8 – 25 October 2008
Memória Roubada
Ana Maria Pacheco, previously Associate Artist at the National Gallery, shows this dramatic 2-piece work for the first time at Wallspace this autumn, including new work made especially for the space.
Her powerful and disturbing painted wooden sculptures Memória Roubada I and II confront ideas of displaced people and severed cultures - results of the colonisation of Brazil.

John The Baptist
Born in Goiânia in the State of Goiás, Brazil in 1943, Pacheco was studying at University when a military junta had taken over the country and was using death squads to enforce its rule. The pieces here express the obliteration of shared memory, the rape of cultural tradition and the idea of castration of the senses in the domination of a culture in the pursuit of money; the search for gold and more recently, oil.

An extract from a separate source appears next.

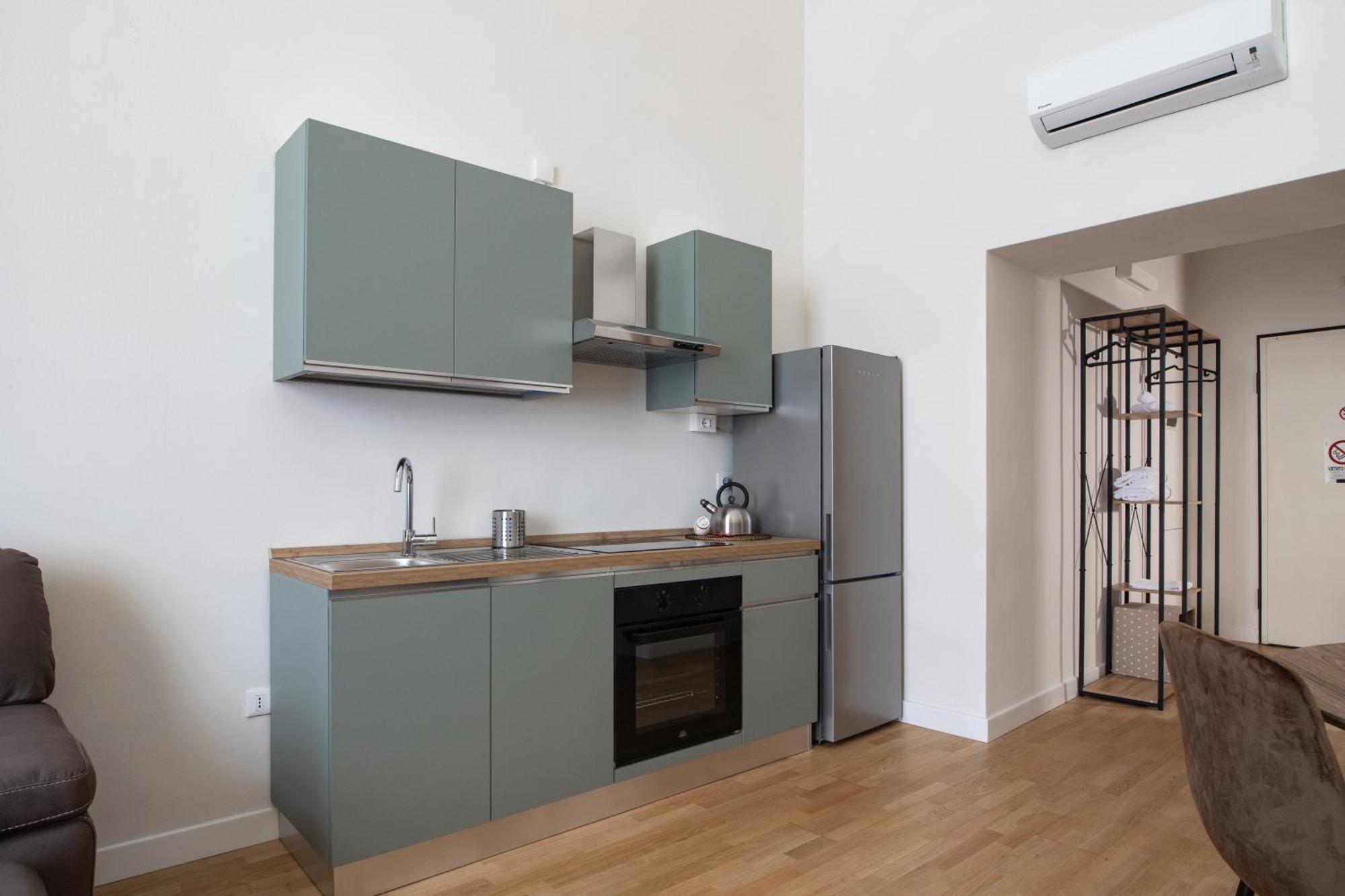 الشقق الفندقية بولونيافي  Santo Stefano Loft المظهر الخارجي الصورة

These pieces are inspired by 'oratories' originating in Portugal and Spain - as domestic locations for private prayer. They also draw on European and Brazilian folklore and elements of West African iconography. This multiplicity of reference is woven of threads ever present in Brazil's multi-ethnic history.
Now based in London, Ana Maria Pacheco is known for her larger than life-sized carved and painted wooden sculptures that seem to have broken free from their specific past, to form dramatic and unsettling contemporary tableaux. In 1996 she was invited to become the fourth Associate Artist at the National Gallery, London; she was both the first non-European and the first sculptor to take up this appointment. Pacheco sculpted Dark Night of The Soul, with its reference to St Sebastian, during this time.
Pacheco was featured artist in Melvyn Bragg's Faith in The Frame ITV 1 series broadcast on 2 November 2008.